Egeline v. Hagelstein
Before: Goodell
GOODELL, J. pro tem.
This is an appeal from orders denying the petitions of Mazie Egeline for (a) a family
[369]
allowance, (b) the setting apart to her of a probate homestead, and (c) the setting apart to her of certain personal property exempt from execution.
The decedent, Robert E. Egeline, and the appellant, Mazie Egeline, had been married for some years. In 1937 he filed a complaint for divorce against her. They were already separated, and summons was served upon the wife by publication. She defaulted, and on April 5, 1938, an interlocutory judgment was awarded to the husband on the ground of her extreme cruelty from which no appeal was taken. On March 16, 1939, the husband died.
As in the
Estate of Ruiz,
just decided,
ante,
p. 363, [127 P. (2d) 945] the appellant is, of course, the decedent’s widow, and the record shows that she has no income except that produced by her own labor; she is therefore within the letter of sections 660 and 680 of the Probate Code.
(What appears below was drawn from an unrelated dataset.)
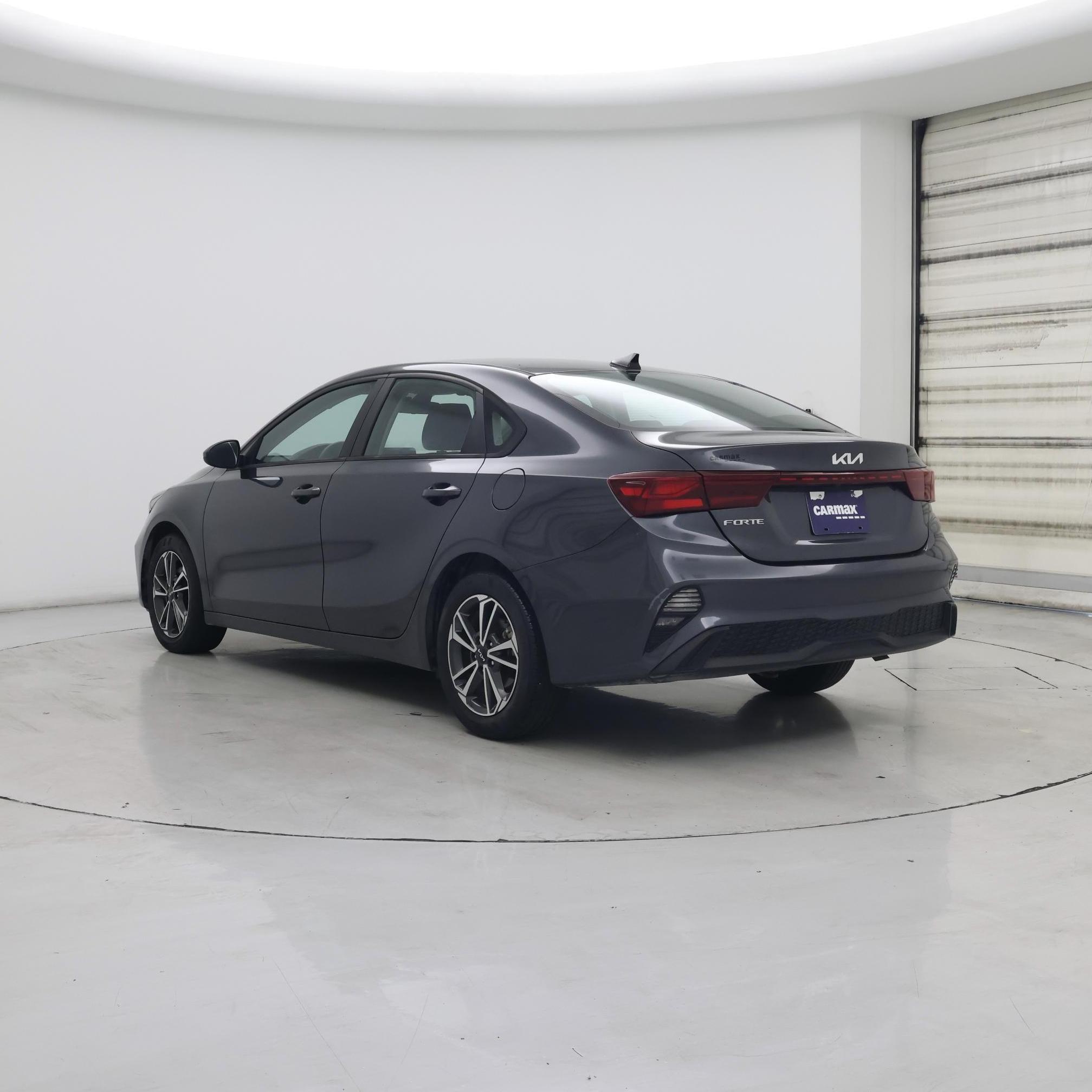 Thumbnail: 2023 Kia Forte - 2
In this case a property settlement agreement was entered into the day after the hearing of the case, wherein the community property therein inventoried (with the exception of certain articles of wearing apparel and of personal adornment assigned to the wife), was transferred to the husband as his separate property. This was followed by a deed from wife to husband quitclaiming the same property. The agreement expressly provided for a separation of the parties. The interlocutory judgment approved and confirmed the settlement.
The appellant states the two questions involved herein as follows:
“1. Does a property settlement in which no specific waiver of widow’s rights appear, forfeit the rights of the widow to a widow’s allowance, probate homestead, and the setting aside of exempt property?
“2.
Can a finding in a judgment in a divorce action, in which the defendant was served by publication, bind the defendant in a probate proceeding in which the defendant in the divorce action is the widow petitioning for a family allowance, setting aside the probate homestead, and the setting aside of exempt property?”